Democrats often argue that the negative effects of raising the minimum wage have been overstated. This argument finds support in a number of recent studies that suggest minimum-wage hikes are not necessarily job-killers. Hence the current bidding war among progressives. Bernie Sanders and Elizabeth Warren have proposed increasing the federal minimum wage to $15 an hour. Congresswoman Rashida Tlaib wants it to be $20 an hour. On Sunday, according to the Associated Press, presidential candidate Tom Steyer said he would make it $22 an hour.

Time for a reality check.

Last year, the nonpartisan Congressional Budget Office analyzed the potential consequences of raising the federal minimum wage to $15 an hour in 2025. Its median estimate was that 1.3 million workers would lose their jobs. CBO also estimated that raising the minimum wage to $12 an hour in 2025 would cause 300,000 people to lose their jobs. Raising it to $10 an hour in 2025 “would have little effect on employment,” but that’s only because a $10 minimum wage would have such a small impact overall.

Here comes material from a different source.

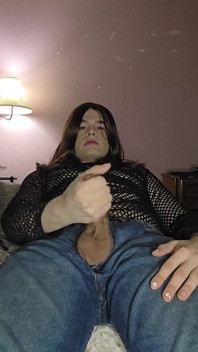 언컷 자지를 가지고 노는 Enby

Here’s how one of the leading academic experts on the minimum wage, UC-Irvine economist David Neumark, summarized the scholarly research in a 2015 San Francisco Fed letter:

“Many studies over the years find that higher minimum wages reduce employment of teens and low-skilled workers more generally. Recent exceptions that find no employment effects typically use a particular version of estimation methods with close geographic controls that may obscure job losses. Recent research using a wider variety of methods to address the problem of comparison states tends to confirm earlier findings of job loss. Coupled with critiques of the methods that generate little evidence of job loss, the overall body of recent evidence suggests that the most credible conclusion is a higher minimum wage results in some job loss for the least-skilled workers — with possibly larger adverse effects than earlier research suggested” (emphasis added).